Material provided Start Marker
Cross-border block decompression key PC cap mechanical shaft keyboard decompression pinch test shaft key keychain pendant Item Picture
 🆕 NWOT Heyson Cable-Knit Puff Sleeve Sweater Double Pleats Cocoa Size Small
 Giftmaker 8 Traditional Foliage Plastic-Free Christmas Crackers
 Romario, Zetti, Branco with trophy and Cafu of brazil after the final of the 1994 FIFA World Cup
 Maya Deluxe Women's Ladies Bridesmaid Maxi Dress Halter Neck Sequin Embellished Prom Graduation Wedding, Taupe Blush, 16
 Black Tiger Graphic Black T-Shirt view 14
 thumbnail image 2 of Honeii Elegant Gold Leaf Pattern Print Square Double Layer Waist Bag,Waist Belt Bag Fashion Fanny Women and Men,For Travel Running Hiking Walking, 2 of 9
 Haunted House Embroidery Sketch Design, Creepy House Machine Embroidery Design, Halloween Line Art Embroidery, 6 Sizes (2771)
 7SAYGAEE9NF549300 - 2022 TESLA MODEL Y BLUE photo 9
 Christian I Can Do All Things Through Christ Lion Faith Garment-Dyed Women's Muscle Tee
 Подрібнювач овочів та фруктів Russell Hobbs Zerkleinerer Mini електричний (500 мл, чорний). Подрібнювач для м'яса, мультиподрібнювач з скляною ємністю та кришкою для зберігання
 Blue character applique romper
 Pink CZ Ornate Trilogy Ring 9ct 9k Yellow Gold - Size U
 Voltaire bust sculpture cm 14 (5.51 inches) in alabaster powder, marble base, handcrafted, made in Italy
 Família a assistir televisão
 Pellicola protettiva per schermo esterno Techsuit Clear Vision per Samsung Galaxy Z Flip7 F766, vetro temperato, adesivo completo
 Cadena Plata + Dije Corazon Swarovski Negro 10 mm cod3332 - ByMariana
Material provided End Marker
## [Brief]
Output nothing but the lines from the one containing "Blue character applique romper" to the end of the listing, both of those included, exactly as given.

## [Result for this exercise]
 Blue character applique romper
 Pink CZ Ornate Trilogy Ring 9ct 9k Yellow Gold - Size U
 Voltaire bust sculpture cm 14 (5.51 inches) in alabaster powder, marble base, handcrafted, made in Italy
 Família a assistir televisão
 Pellicola protettiva per schermo esterno Techsuit Clear Vision per Samsung Galaxy Z Flip7 F766, vetro temperato, adesivo completo
 Cadena Plata + Dije Corazon Swarovski Negro 10 mm cod3332 - ByMariana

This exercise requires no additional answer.